Given data:
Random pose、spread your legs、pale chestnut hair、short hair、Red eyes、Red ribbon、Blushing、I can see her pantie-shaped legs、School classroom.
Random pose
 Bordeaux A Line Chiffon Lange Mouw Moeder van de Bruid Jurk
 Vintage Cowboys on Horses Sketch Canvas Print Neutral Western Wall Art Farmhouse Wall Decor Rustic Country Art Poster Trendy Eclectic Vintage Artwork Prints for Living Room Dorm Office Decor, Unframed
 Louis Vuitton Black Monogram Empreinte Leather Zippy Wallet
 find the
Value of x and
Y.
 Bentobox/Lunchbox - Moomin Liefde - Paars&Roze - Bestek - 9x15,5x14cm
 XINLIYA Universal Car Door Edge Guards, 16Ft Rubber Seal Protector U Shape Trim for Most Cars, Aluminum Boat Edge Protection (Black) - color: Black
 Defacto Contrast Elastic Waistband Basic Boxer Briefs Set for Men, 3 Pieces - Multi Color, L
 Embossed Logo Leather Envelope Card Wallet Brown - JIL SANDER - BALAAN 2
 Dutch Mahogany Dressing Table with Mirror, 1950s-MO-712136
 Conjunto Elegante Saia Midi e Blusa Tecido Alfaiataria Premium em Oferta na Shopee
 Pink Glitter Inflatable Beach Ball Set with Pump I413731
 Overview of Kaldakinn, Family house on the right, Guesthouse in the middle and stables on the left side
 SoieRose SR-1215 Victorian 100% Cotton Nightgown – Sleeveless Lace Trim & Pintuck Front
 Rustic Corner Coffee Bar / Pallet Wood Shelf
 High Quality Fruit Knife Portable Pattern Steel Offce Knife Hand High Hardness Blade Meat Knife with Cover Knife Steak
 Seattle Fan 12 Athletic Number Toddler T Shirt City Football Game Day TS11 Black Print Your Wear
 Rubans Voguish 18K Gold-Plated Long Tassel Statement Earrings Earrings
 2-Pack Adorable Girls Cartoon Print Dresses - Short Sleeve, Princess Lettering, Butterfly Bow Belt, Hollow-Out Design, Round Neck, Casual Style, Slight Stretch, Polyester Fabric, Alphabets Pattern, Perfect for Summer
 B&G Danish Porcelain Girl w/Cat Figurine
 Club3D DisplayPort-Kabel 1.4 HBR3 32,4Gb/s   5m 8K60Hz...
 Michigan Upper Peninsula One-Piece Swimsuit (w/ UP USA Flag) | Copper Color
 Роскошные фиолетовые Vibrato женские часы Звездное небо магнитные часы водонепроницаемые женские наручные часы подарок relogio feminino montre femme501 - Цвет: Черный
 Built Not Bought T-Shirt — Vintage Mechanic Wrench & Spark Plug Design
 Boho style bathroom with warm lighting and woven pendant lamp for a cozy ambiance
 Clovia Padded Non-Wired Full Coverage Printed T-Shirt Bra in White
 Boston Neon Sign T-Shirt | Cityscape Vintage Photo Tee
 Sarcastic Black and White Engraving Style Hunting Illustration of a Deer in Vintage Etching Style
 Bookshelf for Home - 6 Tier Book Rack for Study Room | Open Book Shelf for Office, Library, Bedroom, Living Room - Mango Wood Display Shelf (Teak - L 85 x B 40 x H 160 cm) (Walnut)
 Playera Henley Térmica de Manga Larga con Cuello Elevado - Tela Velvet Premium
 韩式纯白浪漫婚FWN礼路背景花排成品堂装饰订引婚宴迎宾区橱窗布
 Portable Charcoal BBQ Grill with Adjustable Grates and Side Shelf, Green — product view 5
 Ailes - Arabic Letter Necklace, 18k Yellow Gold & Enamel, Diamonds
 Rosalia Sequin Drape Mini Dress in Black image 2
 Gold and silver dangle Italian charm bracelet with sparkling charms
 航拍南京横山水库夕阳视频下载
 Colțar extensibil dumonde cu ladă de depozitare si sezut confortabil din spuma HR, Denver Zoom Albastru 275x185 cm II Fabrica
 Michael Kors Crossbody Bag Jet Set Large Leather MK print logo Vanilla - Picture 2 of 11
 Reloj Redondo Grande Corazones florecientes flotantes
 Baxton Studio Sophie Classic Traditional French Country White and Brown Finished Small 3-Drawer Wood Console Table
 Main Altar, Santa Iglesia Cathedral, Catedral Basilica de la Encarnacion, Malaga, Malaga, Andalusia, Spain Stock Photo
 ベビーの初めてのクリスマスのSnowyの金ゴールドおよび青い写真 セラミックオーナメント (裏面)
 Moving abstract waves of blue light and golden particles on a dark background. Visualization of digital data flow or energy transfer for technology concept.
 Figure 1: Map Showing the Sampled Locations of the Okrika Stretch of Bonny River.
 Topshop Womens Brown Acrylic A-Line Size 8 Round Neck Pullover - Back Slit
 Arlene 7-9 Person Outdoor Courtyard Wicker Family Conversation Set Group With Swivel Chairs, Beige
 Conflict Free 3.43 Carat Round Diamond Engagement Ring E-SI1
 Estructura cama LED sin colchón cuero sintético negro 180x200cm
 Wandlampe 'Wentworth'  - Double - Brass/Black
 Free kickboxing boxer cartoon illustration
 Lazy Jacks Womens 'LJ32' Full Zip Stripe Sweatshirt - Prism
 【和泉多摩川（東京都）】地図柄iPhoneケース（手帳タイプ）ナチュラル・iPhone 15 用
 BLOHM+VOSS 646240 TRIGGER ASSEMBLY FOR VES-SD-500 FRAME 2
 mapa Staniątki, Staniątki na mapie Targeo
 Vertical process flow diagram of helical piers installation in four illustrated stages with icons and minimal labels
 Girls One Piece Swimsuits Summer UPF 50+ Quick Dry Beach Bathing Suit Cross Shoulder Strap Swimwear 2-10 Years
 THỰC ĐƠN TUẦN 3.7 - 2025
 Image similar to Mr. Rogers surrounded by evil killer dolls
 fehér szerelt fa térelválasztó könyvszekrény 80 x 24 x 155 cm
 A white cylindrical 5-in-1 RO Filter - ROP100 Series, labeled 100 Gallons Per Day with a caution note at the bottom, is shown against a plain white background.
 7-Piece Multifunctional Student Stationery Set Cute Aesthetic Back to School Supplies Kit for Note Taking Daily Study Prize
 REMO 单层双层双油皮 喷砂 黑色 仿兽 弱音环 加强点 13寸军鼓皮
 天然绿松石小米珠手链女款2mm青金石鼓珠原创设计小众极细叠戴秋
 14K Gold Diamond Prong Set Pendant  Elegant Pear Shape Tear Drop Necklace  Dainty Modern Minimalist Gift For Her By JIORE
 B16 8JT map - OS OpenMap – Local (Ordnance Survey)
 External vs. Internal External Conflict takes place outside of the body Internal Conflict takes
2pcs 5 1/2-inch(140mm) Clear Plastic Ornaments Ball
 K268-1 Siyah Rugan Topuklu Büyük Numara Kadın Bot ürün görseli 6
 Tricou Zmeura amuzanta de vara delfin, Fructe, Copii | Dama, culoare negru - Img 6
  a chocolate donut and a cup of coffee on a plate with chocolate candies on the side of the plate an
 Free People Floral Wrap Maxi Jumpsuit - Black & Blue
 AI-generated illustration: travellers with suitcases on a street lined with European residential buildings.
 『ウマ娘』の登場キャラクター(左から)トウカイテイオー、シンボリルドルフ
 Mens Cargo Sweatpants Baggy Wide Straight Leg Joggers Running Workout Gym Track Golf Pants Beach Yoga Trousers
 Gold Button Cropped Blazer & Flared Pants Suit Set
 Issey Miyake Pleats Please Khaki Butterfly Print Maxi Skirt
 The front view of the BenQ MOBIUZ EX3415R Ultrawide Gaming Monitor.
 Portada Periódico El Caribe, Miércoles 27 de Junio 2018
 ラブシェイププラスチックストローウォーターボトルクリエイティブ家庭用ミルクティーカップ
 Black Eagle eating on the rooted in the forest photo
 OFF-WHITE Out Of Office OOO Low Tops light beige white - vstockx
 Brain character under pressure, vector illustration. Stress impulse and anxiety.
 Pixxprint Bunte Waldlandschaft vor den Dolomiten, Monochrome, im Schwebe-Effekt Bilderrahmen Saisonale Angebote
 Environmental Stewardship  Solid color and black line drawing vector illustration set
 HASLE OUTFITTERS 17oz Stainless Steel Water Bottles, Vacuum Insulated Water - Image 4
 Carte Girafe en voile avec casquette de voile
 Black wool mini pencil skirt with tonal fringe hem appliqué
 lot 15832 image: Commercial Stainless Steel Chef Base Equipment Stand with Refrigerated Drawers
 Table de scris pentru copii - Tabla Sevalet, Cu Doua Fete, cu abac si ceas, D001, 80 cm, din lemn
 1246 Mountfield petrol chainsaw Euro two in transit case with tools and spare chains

Problem statement: Would you please reproduce the records above exactly, only from their first line through the line holding "XINLIYA Universal Car", with both ends included?

Task result:
Random pose、spread your legs、pale chestnut hair、short hair、Red eyes、Red ribbon、Blushing、I can see her pantie-shaped legs、School classroom.
Random pose
 Bordeaux A Line Chiffon Lange Mouw Moeder van de Bruid Jurk
 Vintage Cowboys on Horses Sketch Canvas Print Neutral Western Wall Art Farmhouse Wall Decor Rustic Country Art Poster Trendy Eclectic Vintage Artwork Prints for Living Room Dorm Office Decor, Unframed
 Louis Vuitton Black Monogram Empreinte Leather Zippy Wallet
 find the
Value of x and
Y.
 Bentobox/Lunchbox - Moomin Liefde - Paars&Roze - Bestek - 9x15,5x14cm
 XINLIYA Universal Car Door Edge Guards, 16Ft Rubber Seal Protector U Shape Trim for Most Cars, Aluminum Boat Edge Protection (Black) - color: Black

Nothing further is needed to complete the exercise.